奥様だけでなく、全般に女性が非常に強いです。

言いたい事を我慢するなんてまずしていません。

インドは男女格差があると思っていたので、少し意外でした。

後半はドシリアス

さて、前半は間違いなくラブコメなのですが、カラフルに衣装チェンジしながらのダンスタイムの後、これは本当に同じ映画? と言いたくなるほどに物語の空気が一変します。

特に元の地主様の身に起こった出来事の回想では、考えさせられる事がたくさんありました。

物語の主な舞台になっているお屋敷ですら、使用人が何十人もいる大邸宅なのに、奥様の兄上には小さな屋敷と言われていたのが納得の、宮殿が元の地主様の住まいでした、

ゆりかごですら、こんなに立派な必要があるのかというほど豪華です。

でもお金に頓着していないので、簡単に人に騙し取られます。

新婚夫婦の結婚祝いに贈る土地の名義が書き換えられてしまっている事で発覚するんですが、地主様は騙すより騙される方が罪が重いと言います。

確かに一理あるんですよね。

あまりにも簡単に騙されてしまったせいで、相手に人を騙すという罪を犯させてしまった。

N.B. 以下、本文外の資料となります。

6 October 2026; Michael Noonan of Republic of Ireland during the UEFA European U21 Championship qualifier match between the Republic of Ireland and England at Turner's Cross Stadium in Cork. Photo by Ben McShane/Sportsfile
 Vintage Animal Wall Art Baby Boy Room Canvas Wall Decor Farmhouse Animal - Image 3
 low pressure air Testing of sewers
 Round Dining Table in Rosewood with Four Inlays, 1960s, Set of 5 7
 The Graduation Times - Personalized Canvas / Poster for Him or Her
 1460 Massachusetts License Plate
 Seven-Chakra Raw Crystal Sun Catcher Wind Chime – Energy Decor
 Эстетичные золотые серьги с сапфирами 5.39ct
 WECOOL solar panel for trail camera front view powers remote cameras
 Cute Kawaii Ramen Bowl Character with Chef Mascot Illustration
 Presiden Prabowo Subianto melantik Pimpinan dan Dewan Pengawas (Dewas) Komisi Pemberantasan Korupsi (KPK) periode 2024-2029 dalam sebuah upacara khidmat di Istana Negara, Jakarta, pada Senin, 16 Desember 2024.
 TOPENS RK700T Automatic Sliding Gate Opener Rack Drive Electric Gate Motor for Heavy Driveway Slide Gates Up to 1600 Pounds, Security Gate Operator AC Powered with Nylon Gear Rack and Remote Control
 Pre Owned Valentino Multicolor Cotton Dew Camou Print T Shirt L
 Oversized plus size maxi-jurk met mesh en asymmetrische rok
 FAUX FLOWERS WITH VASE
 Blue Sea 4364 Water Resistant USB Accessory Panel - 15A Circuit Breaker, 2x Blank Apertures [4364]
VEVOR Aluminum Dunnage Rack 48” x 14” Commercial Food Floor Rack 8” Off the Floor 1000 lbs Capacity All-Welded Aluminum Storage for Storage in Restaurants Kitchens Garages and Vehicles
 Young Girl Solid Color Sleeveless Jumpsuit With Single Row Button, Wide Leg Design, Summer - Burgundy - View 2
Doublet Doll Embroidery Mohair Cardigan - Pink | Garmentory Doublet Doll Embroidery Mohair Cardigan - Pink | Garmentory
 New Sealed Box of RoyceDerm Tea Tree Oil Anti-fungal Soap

でもその事で心を痛めるのは根っからの悪人ではなく、弱くてすぐに後悔する人。

この物語の中でも他人にそそのかされて罪を犯してしまった人は罪の意識に耐えられずに更に不幸な結末を迎えてしまいます。

自分が浅い人間だと思い知らされたのが、土地が地主様の物では無いため、譲渡が無効になってしまった新婚夫婦たちの対応です。

無効だった権利書を握りしめて、地主様の宮殿の前に集まった若者たちを見て、待ってー、

誤解なのー! と心で叫んでしまいましたが、若者たちは誤解などしていませんでした。

土地が手に入らなかった事に対しての怒りはもちろんあったでしょうが、立派な地主様を裏切って横領した人間に対して怒っていました。

ここで頭に浮かんだ言葉は「貧すれば鈍する」です。

地主様は普段からお金を人々に分け与えていました。

土地の人間たちを貧させていなかった。

だから鈍することなく、正しい怒りを正しい相手に向けられたのだと思います。

「貧すれば鈍する」という言葉があるのなら、「鈍させたくなければ貧させるな」という事ですね。

安い賃金で人をこき使っておきながら、しっかり働かせようなんてムシのいい考えはイカンということですよ。

全てを知ったご主人様はやはり執着がなく、全てを受け入れます。

流石に立派な奥様の息子です。

途中で大ピンチに見舞われますが、雑に助けられて無事です。

あの高さから落ちて、しばらくうつぶせで川を流れていながら大変タフですね。

それにしても、高い所から落ちるor落とされるは生存フラグなのは、世界共通なんでしょうか。

「俺、帰ったら結婚するんだ」が死亡フラグの頂点だとすると、ものすごく高い所から落ちるのが生存フラグの頂点と言っていいかもしれません。

己の限界を知る

初めは軽い気持ちでラブコメとして見ていたのに、終わった時にはいかに自分が汚れた心の人間であるかを痛感させられました。

一番印象に残っているのが、地主様が人々にお金を配っている場面。

地主様は実に無造作にコインを掴んで手渡しているんですけど、あれ絶対に金額がまちまちなんじゃないかと気になって仕方ありませんでした。

もちろん、この映画の中でそんな不平を言っている人は一人もいませんでしたが、後で揉めたりしないんだろうかなんて思ってしまう辺り、私は一生聖者にはなれないなと、自覚させられてしまったのです。